Another thing I was thinking was, "What are eco-complete and ADA Amazonia?" I mean, they have to come from somewhere. I know Eco-complete is mined somewhere in the USA. 

Those are questions out of pure curiosity. Seriously, is there a viable, cheap alternative for black substrate?


----------



## John N.

I think Eco Complete is mined from some volcanic rocks, and ADA substrate is a magic manufactured mixture of clay, peat and whatever else. The one substrate that is dark, and you didn't mention was Soil Master Select Charcoal color or Turface. I believe aquariumplants.com packages it in red buckets called "Aquariumplant's Substrate." It's cheap and will do the trick. Or if you have a www.lesco.com or http://www.oildri.com/agri/turforn.htm distributer (maker of this gravel) around your area, you can pick it up yourself.










Though a massive amount of carbon is an intriguing idea which I think would serve just fine as a substrate, it's more expensive then purchasing a commerical planted substrate.

-John N.


----------



## MiSo

i picked up about 150 lbs of black 3m colorquartz t grade.

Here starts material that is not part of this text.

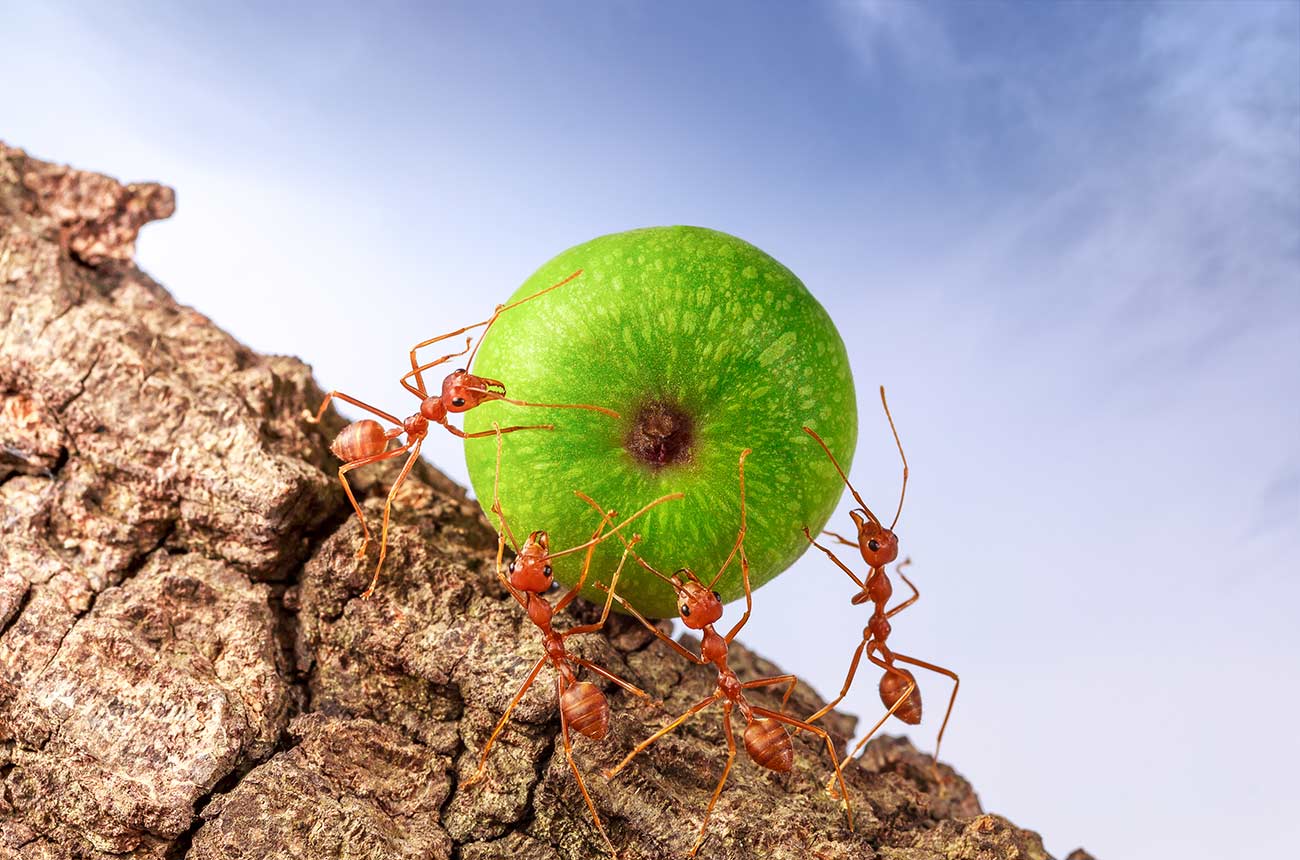 Ants carrying food together.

i'm going to redo my 75 gallon tank in about a week and its pretty cheap. about $20 per 50lb bag.

i've put a little in in a 20 gallon tank right now just to see how it would look.


----------



## Overfloater

I had Colorquartz in my Mbuna setup. It works great. I even used it in a planted tank for awhile and plants grew fine as well. Colorquartz is inert but it is a little dirty out of the bag. They also have an S grade that is similar to sand in size.

You didn't mention Tahitian Moon Sand. It's not as cheap as Colorquartz but looks nice.


----------



## mistergreen

if you can find espoma's products, I believe it is dark gray
http://www.espoma.com/content.aspx?type=asp


----------



## Newt

John N. said:


> I think Eco Complete is mined from some volcanic rocks,
> 
> -John N.


Eco Complete is man made from natural products. If you know how marketers think then you can decipher what they 'claim'. Its all natural but not naturally occurring. This is why they have had big issues with bad batches and leaching nutrients into the water column.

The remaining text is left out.